“I WASN’T brought up a Christian although we discussed deep issues at home, including religion.
I have always read a lot and read CS Lewis’s ‘Chronicles of Narnia’ as a child. They were such good allegories and I used to wish there really was somewhere like Narnia. Through reading them, I began to realize there might be another world, another dimension, apart from the physical world we experience.
My journey into faith really began when mum and dad got divorced. My little secure world changed overnight. I became more aware of the world outside and didn’t feel happy about it. I even thought, “shall I become a Hindu?”
There were Christians in my class at school and there were lots of discussion about faith. To my surprise, I always sided with the Christian viewpoint. One of the Christians, Jane, knew what was happening in my family and prayed for me.
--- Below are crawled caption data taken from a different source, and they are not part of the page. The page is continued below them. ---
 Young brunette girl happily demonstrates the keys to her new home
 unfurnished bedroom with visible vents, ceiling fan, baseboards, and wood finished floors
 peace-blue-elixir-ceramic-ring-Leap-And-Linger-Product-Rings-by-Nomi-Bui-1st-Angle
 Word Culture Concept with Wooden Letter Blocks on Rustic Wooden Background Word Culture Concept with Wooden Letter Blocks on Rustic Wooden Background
One day one of the girls said, “I talk to God as I walk down the road”. I was amazed. “So, God is alive!” I thought.
Meanwhile, I had watched a film about St Francis called, Brother Sun, Sister Moon. I was struck by the friendship of the brothers and the way they turned to Francis for guidance. As I watched it, I thought, “I wish there were people like that now”. I decided to visit my local church. It was awful. No one said hello. I came home thinking, “Keep it if that is Christianity!”
One of the Christians in my class invited me to one of her church house groups run by the Jesus Fellowship. It was strange – people were talking in tongues – I had never heard this before. What I did notice was that Jesus shined through their eyes. I saw love. I went home and prayed:
“I’d really like to believe in You, God, but I haven’t got faith.” The next day I felt different. I knew God had heard me, I was a Christian and not alone anymore. I struggled with doubt in the months following but ultimately this made me stronger.
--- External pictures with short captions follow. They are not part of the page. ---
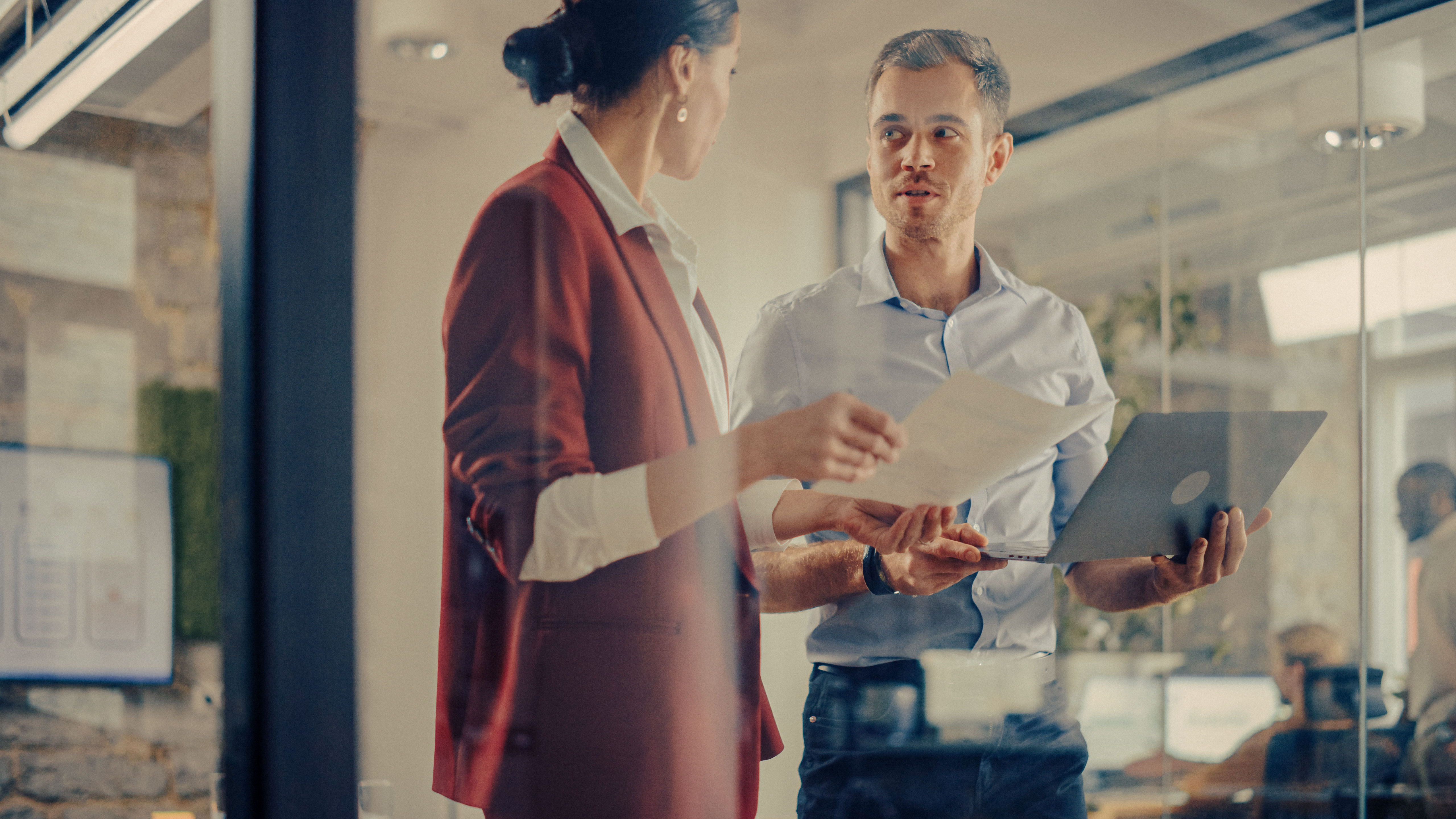 CEO and Chief Executive Talking About Company Business Growth, Consult Data Analysis and Use Laptop Computer. Two Professionals Discussing Revenue Increase, Market Disruption, Planning Strategy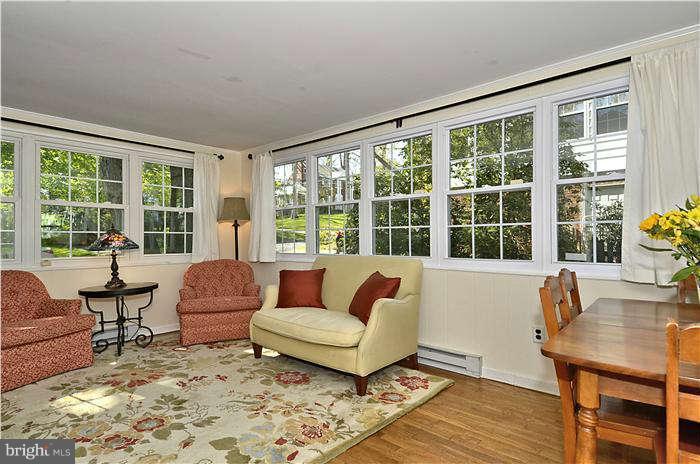 9503 St Andrews Way Silver Spring, MD 20901 - Photo 11 of 30 a living room with furniture and a large window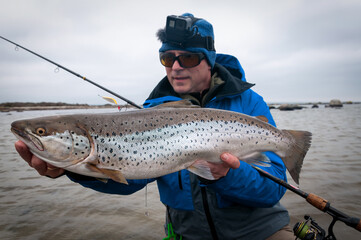 Angler with beautiful silver sea trout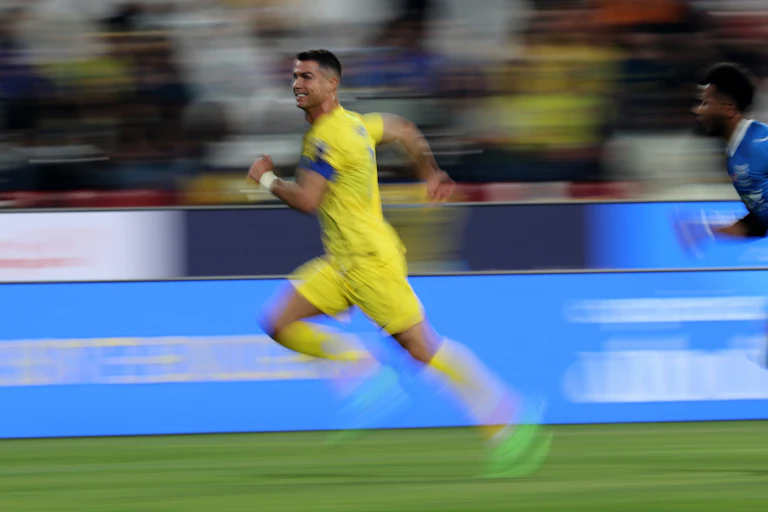 Soccer superstar Cristiano Ronaldo uses his speed to burst away from an opponent.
After leaving school I went to Leicester University and in the holidays I stayed at a Jesus Fellowship community house in Northamptonshire. We did lots of things together, like fruit picking and in these times, we bonded together. For the first time in my life I really felt part of something. I also felt loved.
Over the years, besides St Francis and his contemporary, St Clare, I have been greatly inspired by Mother Teresa. Once I saw a clip of her, a shrivelled old lady visiting an orphanage in war-torn Beirut. She didn’t speak the children’s language but she communicated so much love with few words. I sobbed when I heard her words, “Love until it hurts,” and, “What we are doing is just a drop in the ocean. But the ocean would be less because of that missing drop”.
Nearer home, I have a friend called Hilary. She is such a good example and people love being with her; she is non-judgemental and doesn’t carry her own agenda. She prays a lot and is completely yielded to Jesus.
I have three children of my own. I would say, persevere with training them and pray for them when they are young; it gives them self-discipline later. Don’t give into whims. Don’t be frightened to apologize. There are bound to be arguments and rows in any family. It’s good for them to see the process of reconciliation and not just learn to run away from the problem. Someone once gave me some very good advice: “You’ll never do it all right but do it all with love”. Each child is different – and you have to treat each one differently.